This vulnerability is an Improper Neutralization of Input During Web Page Generation flaw that enables an attacker to inject malicious script into pages served to users. The injected script can execute in the victim’s browser, leading to credential theft, session hijacking, or defacement. The weakness is identified as CWE‑79, an input validation flaw that directly impacts user‑controlled input used in web page rendering.

The issue affects the WordPress plugin JNews - Frontend Submit from jegtheme. All installations using any version up to and including 11.0.0 are potentially vulnerable, while newer releases are assumed to have the flaw fixed. Site owners running legacy versions on public WordPress sites are therefore at risk.
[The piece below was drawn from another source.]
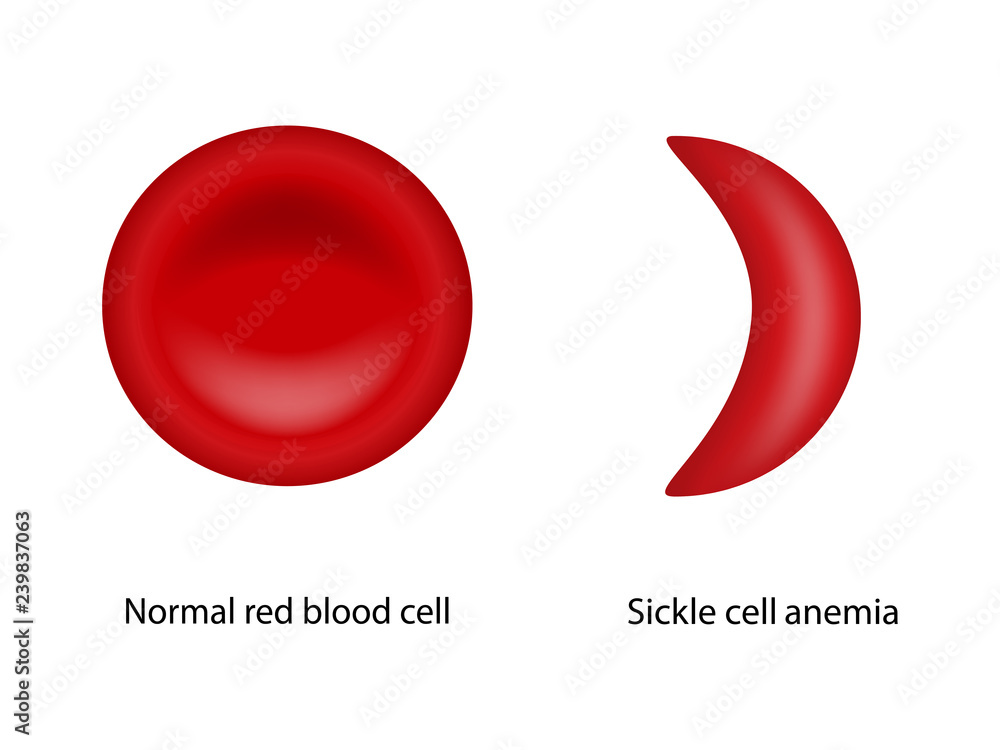 vegetation Maestro Rytmisk Illustration of Normal red blood cell and Sickle cell anemia Stock-vektor |  Adobe Stock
The CVSS score of 7.1 indicates a moderate severity, but the EPSS score of <1% suggests a low probability of exploitation at this time. The vulnerability is not currently listed in CISA’s KEV catalog, reducing the likelihood of widespread, documented attacks. Attackers would typically need to entice a user to visit a crafted URL that includes malicious parameters; whether the plugin processes such parameters in a way that allows execution depends on how the form fields are rendered. Because the flaw is reflected, it is generally easy to trigger once the victim clicks the link, meaning the attack vector is inferred to be user interaction on the public web rather than an internal or privileged exploit.